● What the exercise asks
Copy each line of the data below exactly, leaving out pictures.

● Entries provided
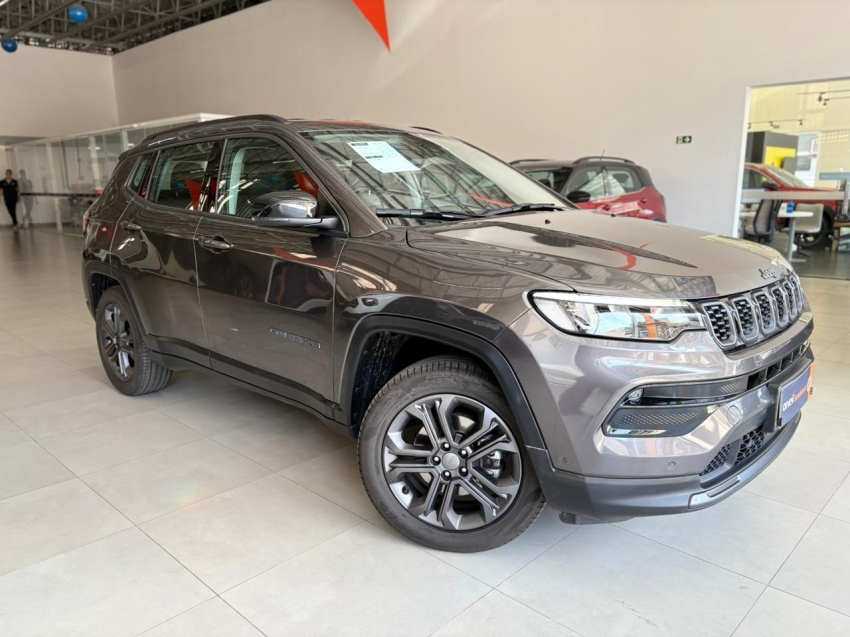 jeep compass 1.3 t270 turbo flex longitude at6 5p automatico 20252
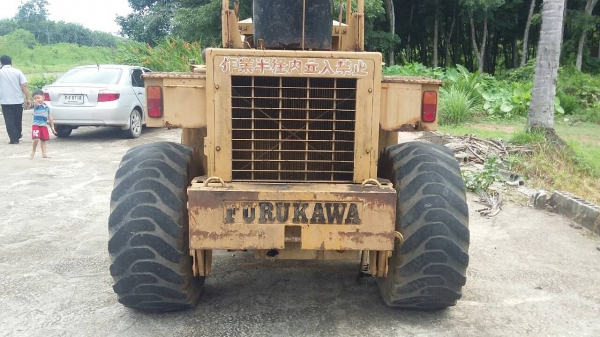 ต้องการขายรถตักFURUKAWA FL80 ต้องการขายรถตักFURUKAWA FL80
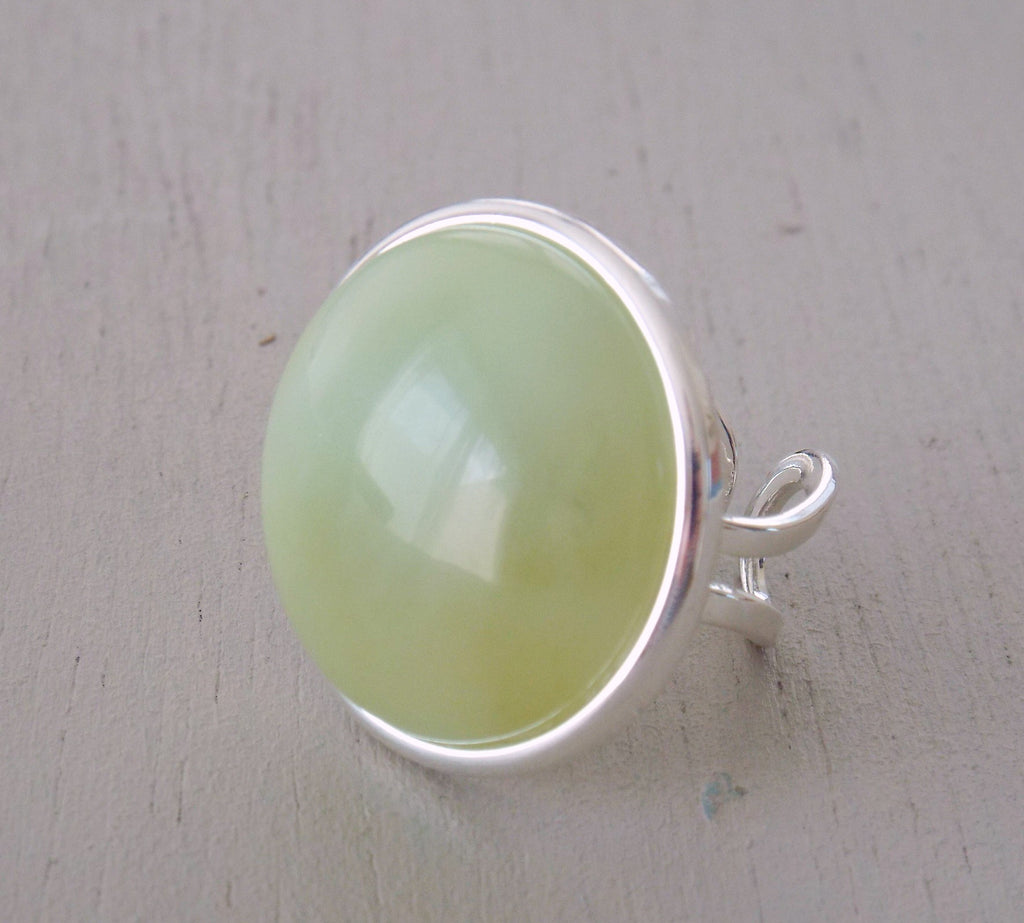 Ring with 25mm jade gemstone fully adjustable ring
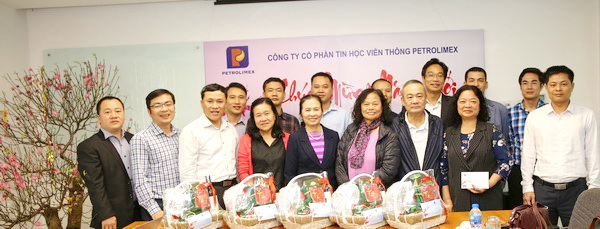 Đầm ấm ngày gặp mặt CBNV hưu trí xuân 2019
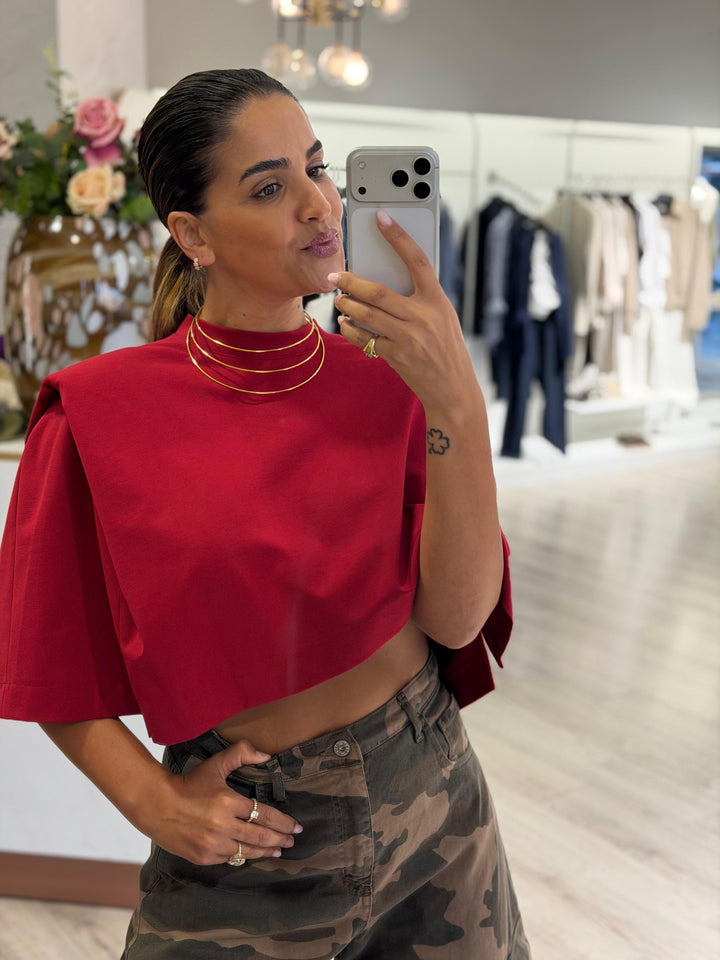 TOP VERMELHO ESTRUTURADO COM OMBREIRAS IMPERIAL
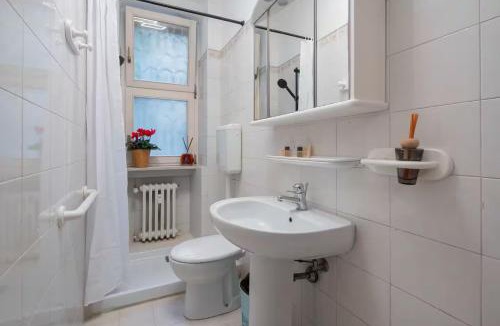 Dorsoduro Apartment | Venice Centre Near P Le Roma and Train Station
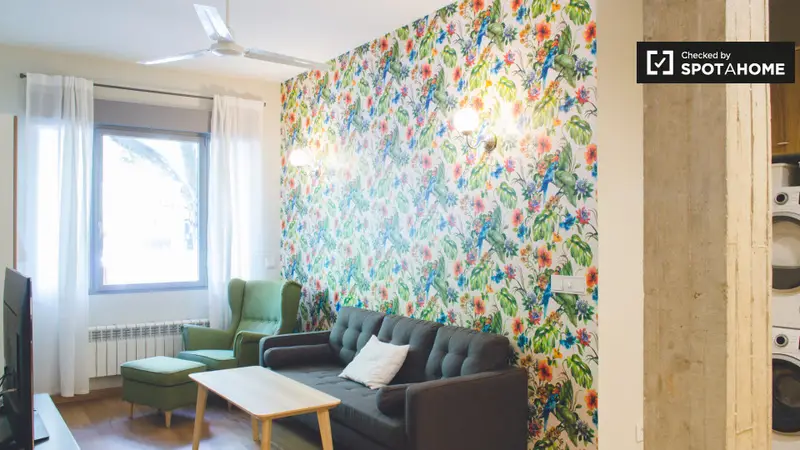 Habitación privada en apartamento de 6 dormitorios en Argüelles, Madrid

● Response
 jeep compass 1.3 t270 turbo flex longitude at6 5p automatico 20252
 ต้องการขายรถตักFURUKAWA FL80 ต้องการขายรถตักFURUKAWA FL80
 Ring with 25mm jade gemstone fully adjustable ring
 Đầm ấm ngày gặp mặt CBNV hưu trí xuân 2019
 TOP VERMELHO ESTRUTURADO COM OMBREIRAS IMPERIAL
 Dorsoduro Apartment | Venice Centre Near P Le Roma and Train Station
 Habitación privada en apartamento de 6 dormitorios en Argüelles, Madrid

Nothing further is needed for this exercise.